Reply: Similar to the above comments, also the laboratory data is based on the same original data in both papers, but presented differently (i.e. median and range vs mean and standard deviation). We can confirm that the demographic and laboratory data is presented according to the original database in the current manuscript. ALT was a significant covariate on the relative bioavailability. We agree that the sentence mentioned above is unclear and we have re-written it to clarify the results.

“…2.2% increase in relative bioavailability per each unit (IU) increase in ALT.”

4. To confirm a disease effect with regard to liver status (ALT) as referred on page 9 in the first paragraph; it would seem to require data from individuals with liver disease. It is not clear that evidence of liver disease is present in the study population. The values reported for ALT appear only slightly elevated for some individuals (perhaps isolated and transient values). AST and bilirubin values appear normal and there is no clinical description of liver disease. Please clarify the discussion with respect to the relationship between ALT and liver disease.

Reply: This is a very important comment raised by the reviewer. Both artesunate and dihydroartemisinin are metabolized via liver enzymes; cytochrome P450-family and UGT-enzymes, respectively. It was therefore of interest to evaluate ALT and AST as covariates in the population pharmacokinetic analysis to describe the potential impact of these on different parameters related to metabolism. It was not an objective to evaluate liver disease in this population, but the intention was to characterize the pharmacokinetic data and explain the observed variability. Thus, we do not claim to have characterized the impact of liver disease, but we could still identify a relationship between observed values of ALT in different patients and their estimated relative bioavailability. We agree that this covariate description can be misunderstood on account of using “liver status”, and we have reworded the section to clearly state that there was a relationship found between observed values of ALT and the relative bioavailability.

5. It would be useful for the authors to comment further in the discussion section on how the transit-compartment absorption model reconciles with the known mechanism of artesunate absorption.

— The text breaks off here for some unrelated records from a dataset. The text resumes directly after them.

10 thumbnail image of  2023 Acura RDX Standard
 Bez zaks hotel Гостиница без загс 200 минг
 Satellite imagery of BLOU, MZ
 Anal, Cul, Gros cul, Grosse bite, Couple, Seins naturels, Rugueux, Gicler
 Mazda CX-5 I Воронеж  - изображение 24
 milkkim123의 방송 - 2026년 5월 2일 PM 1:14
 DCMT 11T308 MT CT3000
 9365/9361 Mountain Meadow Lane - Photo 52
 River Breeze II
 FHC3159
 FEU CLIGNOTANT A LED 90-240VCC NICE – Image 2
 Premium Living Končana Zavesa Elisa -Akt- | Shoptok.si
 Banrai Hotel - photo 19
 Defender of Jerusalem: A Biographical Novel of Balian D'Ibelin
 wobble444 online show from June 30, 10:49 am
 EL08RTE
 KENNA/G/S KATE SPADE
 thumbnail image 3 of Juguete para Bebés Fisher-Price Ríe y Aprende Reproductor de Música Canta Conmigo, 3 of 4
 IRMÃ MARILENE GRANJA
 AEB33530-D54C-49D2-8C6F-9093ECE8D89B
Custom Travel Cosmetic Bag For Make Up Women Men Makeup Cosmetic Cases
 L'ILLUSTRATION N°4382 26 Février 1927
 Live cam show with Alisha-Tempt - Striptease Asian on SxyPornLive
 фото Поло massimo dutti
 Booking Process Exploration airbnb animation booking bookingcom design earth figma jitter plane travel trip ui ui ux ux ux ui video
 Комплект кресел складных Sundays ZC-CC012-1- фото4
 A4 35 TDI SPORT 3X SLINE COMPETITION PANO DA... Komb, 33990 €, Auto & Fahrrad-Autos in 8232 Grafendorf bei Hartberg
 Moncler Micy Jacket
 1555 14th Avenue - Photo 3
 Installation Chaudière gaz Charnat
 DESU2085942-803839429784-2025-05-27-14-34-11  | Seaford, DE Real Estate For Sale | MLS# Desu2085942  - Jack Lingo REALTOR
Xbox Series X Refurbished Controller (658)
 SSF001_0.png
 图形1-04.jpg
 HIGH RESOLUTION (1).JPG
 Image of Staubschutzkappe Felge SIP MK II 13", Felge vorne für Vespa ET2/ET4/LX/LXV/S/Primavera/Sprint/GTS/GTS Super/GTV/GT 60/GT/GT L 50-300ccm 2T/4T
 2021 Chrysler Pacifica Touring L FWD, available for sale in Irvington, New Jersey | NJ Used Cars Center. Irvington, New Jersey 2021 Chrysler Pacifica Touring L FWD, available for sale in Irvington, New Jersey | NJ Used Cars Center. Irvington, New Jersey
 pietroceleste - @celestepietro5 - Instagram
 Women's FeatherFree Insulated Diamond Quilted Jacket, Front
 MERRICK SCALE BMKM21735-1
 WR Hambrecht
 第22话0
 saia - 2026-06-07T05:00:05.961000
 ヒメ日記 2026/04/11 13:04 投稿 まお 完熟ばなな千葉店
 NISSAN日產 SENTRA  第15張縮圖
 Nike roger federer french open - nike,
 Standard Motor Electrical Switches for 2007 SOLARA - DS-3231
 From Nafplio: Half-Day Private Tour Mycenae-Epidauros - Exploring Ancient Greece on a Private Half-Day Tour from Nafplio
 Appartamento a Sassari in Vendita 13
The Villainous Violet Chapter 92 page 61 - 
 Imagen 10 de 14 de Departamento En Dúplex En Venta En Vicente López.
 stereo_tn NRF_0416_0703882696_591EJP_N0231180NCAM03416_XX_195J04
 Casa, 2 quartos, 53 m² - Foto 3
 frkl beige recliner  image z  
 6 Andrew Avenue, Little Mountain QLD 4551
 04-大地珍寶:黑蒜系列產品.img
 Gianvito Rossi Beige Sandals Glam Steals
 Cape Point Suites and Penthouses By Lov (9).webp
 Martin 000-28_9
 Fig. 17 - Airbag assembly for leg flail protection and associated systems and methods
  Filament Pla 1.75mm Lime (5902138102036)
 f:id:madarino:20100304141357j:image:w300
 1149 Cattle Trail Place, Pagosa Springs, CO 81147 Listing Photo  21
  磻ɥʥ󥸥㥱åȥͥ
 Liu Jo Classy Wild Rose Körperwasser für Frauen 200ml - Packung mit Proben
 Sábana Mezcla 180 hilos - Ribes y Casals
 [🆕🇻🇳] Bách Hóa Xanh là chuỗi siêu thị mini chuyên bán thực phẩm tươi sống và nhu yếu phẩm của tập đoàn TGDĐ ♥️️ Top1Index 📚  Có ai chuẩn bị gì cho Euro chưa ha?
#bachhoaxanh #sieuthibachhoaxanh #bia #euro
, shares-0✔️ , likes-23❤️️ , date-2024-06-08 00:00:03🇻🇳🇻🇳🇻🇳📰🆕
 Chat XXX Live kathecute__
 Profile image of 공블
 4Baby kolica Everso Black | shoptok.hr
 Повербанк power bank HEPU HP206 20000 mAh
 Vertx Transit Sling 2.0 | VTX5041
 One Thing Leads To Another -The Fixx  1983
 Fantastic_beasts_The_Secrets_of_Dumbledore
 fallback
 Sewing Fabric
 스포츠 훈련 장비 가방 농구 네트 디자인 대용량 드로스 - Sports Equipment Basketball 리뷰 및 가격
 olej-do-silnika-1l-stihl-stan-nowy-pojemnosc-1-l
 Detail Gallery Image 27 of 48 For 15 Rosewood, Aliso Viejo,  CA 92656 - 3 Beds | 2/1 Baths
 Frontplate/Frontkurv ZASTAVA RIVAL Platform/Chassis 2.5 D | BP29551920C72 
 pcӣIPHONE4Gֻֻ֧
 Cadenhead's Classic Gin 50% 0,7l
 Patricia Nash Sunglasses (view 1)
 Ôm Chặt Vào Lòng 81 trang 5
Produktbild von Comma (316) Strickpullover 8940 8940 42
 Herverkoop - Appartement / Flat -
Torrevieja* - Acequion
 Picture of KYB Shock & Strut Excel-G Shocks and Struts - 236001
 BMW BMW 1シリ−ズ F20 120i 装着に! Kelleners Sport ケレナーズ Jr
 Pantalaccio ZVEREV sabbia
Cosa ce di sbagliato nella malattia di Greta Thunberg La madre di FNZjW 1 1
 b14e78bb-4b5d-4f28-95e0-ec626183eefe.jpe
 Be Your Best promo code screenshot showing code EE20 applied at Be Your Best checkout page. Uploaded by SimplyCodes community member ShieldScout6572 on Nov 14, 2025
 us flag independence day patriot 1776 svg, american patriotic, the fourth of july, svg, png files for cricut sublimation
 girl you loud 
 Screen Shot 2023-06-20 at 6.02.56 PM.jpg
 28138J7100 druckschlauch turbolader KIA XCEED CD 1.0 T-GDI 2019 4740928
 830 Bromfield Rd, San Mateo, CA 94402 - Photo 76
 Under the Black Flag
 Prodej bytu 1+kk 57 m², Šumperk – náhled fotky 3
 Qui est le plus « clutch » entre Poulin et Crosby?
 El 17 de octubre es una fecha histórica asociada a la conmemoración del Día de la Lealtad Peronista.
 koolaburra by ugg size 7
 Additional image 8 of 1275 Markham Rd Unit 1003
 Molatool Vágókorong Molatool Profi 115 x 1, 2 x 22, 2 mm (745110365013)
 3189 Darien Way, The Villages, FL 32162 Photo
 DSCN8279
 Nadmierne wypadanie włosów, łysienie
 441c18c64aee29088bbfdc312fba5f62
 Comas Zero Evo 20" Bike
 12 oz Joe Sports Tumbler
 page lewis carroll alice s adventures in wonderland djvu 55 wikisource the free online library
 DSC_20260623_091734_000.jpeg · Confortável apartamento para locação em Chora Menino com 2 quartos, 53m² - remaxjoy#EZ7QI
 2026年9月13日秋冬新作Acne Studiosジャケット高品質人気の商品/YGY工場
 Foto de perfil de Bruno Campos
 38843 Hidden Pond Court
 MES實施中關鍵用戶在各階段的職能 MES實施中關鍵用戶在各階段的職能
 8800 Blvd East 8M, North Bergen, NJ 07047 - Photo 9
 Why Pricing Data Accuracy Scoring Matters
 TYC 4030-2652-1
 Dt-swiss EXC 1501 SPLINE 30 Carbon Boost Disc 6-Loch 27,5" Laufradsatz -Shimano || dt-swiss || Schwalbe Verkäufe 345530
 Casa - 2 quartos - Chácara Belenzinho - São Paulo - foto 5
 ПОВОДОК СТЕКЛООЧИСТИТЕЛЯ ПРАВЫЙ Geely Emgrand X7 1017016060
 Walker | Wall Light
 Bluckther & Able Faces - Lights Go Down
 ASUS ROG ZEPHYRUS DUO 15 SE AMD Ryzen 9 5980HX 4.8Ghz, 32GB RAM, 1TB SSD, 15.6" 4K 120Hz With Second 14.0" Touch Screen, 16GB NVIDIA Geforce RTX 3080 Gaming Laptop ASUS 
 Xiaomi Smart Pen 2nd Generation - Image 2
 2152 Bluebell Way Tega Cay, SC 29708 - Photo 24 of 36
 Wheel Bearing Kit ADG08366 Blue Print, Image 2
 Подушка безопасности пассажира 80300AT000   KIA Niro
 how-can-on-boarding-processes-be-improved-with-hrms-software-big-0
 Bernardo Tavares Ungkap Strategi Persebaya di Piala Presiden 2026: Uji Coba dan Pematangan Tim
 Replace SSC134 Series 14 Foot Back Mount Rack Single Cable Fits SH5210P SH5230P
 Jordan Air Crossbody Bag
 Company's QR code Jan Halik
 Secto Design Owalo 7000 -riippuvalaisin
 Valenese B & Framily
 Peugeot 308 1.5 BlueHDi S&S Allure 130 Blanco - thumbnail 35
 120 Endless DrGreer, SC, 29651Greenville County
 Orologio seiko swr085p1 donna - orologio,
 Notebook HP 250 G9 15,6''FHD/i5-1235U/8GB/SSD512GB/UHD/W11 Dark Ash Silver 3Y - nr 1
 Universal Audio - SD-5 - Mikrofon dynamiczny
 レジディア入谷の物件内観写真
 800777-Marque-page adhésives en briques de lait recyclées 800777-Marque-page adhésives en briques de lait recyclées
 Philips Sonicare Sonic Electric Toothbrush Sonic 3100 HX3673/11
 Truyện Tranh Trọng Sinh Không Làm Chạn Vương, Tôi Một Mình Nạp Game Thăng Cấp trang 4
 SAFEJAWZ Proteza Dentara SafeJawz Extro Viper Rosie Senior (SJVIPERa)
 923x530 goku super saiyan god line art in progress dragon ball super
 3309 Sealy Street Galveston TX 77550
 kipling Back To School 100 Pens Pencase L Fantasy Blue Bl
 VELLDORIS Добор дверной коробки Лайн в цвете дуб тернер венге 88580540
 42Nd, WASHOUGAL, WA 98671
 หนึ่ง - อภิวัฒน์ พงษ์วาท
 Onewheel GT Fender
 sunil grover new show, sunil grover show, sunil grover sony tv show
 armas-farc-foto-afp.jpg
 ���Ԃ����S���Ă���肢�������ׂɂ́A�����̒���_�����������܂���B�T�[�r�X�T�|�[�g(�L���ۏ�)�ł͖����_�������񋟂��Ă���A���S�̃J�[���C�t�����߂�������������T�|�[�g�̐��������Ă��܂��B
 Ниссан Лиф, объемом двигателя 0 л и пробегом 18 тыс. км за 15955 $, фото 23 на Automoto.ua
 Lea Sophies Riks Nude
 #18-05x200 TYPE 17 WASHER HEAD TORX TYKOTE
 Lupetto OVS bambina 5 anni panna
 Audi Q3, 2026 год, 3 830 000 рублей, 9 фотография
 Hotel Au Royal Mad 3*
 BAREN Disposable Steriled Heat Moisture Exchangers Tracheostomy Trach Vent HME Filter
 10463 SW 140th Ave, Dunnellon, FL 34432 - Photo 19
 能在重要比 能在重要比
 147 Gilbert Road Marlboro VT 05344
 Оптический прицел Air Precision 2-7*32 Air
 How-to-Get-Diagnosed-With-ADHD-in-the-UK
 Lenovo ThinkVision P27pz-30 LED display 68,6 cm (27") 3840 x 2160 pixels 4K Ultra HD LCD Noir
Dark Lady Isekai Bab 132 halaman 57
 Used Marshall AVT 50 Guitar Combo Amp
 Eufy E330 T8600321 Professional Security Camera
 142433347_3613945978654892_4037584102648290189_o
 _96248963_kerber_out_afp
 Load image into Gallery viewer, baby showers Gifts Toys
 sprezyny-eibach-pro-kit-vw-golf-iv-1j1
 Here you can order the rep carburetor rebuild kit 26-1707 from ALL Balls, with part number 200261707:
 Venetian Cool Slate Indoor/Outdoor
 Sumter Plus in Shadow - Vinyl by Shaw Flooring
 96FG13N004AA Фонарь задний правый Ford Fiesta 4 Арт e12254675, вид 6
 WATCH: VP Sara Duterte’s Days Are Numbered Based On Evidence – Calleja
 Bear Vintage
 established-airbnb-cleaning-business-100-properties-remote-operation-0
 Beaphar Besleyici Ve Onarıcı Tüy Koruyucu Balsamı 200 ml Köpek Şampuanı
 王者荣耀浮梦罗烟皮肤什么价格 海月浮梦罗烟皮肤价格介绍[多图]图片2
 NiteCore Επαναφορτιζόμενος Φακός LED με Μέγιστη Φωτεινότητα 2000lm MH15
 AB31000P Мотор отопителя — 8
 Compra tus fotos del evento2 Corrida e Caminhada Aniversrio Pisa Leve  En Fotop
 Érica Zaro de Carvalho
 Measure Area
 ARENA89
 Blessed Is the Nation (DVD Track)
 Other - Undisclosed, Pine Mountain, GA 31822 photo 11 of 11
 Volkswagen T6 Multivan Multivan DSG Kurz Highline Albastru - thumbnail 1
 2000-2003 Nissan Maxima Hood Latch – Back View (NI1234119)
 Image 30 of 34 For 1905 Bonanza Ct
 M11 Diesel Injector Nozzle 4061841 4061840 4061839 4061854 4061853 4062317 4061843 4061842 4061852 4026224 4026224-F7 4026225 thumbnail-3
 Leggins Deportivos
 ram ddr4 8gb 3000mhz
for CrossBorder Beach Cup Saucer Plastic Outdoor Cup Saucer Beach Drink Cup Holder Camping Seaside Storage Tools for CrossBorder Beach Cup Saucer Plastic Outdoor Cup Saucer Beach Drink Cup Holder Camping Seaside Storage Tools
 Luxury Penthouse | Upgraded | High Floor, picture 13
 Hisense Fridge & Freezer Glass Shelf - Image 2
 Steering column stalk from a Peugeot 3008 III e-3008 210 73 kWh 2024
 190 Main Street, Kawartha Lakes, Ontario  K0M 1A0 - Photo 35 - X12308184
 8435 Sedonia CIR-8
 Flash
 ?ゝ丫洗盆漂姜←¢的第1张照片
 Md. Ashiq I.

Reply: Thank you for this comment. Artesunate is known to have a rapid absorption with short lag-time in the absorption, resulting in detectable concentrations within 15 min of drug administration in healthy volunteers and patients (summarized in Morris et al, 2011). In this paper several different absorption models were evaluated; zero-order, first-order, absorption lag-time, sequential absorption, and a flexible transit compartment model with 1–10 transit compartments. The transit compartment model was superior to all other models tested with an estimated mean transit absorption time of 0.8h. This is in agreement with a previously published population pharmacokinetic model of artesunate in pregnant women (Kloprogge et al 2015). Furthermore, the transit absorption model offers a biologically plausible parameterization of drugs that show varying degrees of lag-time absorption. We have expanded the discussion slightly to clarify this.